Many years ago I visited a friend who was living in Nairobi with her husband and two little sons. One of the boys kept on calling out "Digga!" when we drove around town, pointing at the vehicles that were hard at work on road construction projects. As far as he was concerned the diggers, dumper trucks, and other machines he saw were the bees knees. He would have loved today's poetry title.
Digger Dozer Dumper
Illustrated by David Slonim
Picture Book
For ages 5 to 7
Candlewick Press, 2013, 978-0-7636-5078-0
There is something about trucks, diggers, cement mixers,
and other big vehicles that young children find irresistible. They love the
loud engine noises these machines make and will watch them at work for hours on
end. In this book children will meet eighteen of these wonderful machines and
they can figure out which of the machines is most like them. Are they “slow and
steady” or “really strong?”
The first
machine that sweeps across the page is…you guessed it, the street sweeper.

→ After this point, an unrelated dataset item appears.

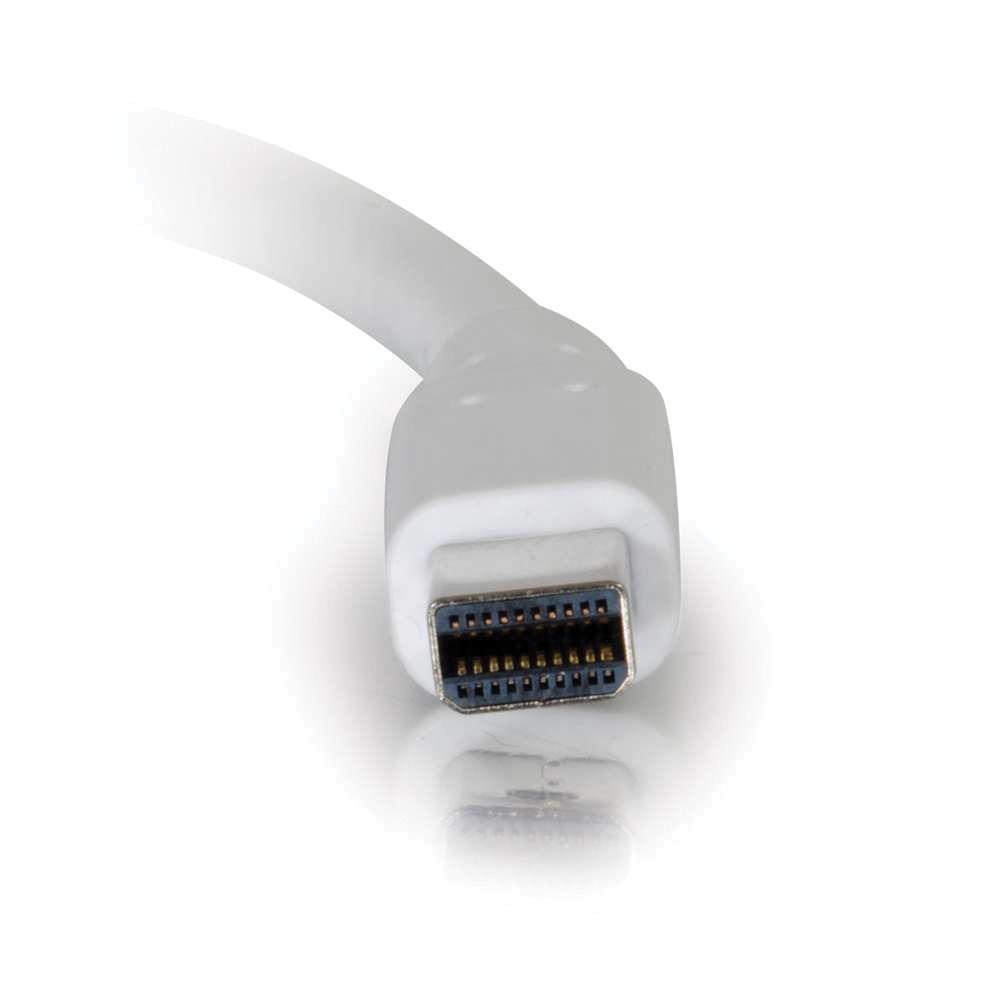 C2G Mini DisplayPort Extension Cable, Male to Female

Though this machine is perhaps not very glamorous, it is vital to getting rid
of all the things that make the streets in a busy town or city dirty or messy.
The street sweeper’s “steely whiskers whisper / as they gather dust and dirt,”
and the sweeper is “quiet and determined” not to “miss a spot.”
After getting to
know a garbage truck who “adores his work,” we meet a dump truck and a backhoe.
These hard working machines are vital to the success of a project that requires
the removal and placement of earth, rock and other materials. The dump truck is
“precise” and does not dump his load “just anywhere.” The backhoe is amazing
because it is two machines in one. Its “front end pushes dirt and rocks; / his
back end digs out muck.”
Unlike the dump
truck and backhoe, the skid-steer loader does not have a steering wheel.
Instead, it has two levers and being small it can zip and turn almost on the
spot. It can drill, push, lift, and dump.
As they read the
delightful poems in this book, children are going to enjoy looking at the artwork.
The vehicles described in the poems all have large eyes and very definite
personalities, and the people and dog that we meet on the first introductory
spread appear in all pictures thereafter. Children will enjoy seeing where the
dog will turn up next. Will the girl with the black curly hair be driving the
next vehicle or will the boy with the glasses? The clever ending perfectly
wraps up the narrative, giving children something to think about.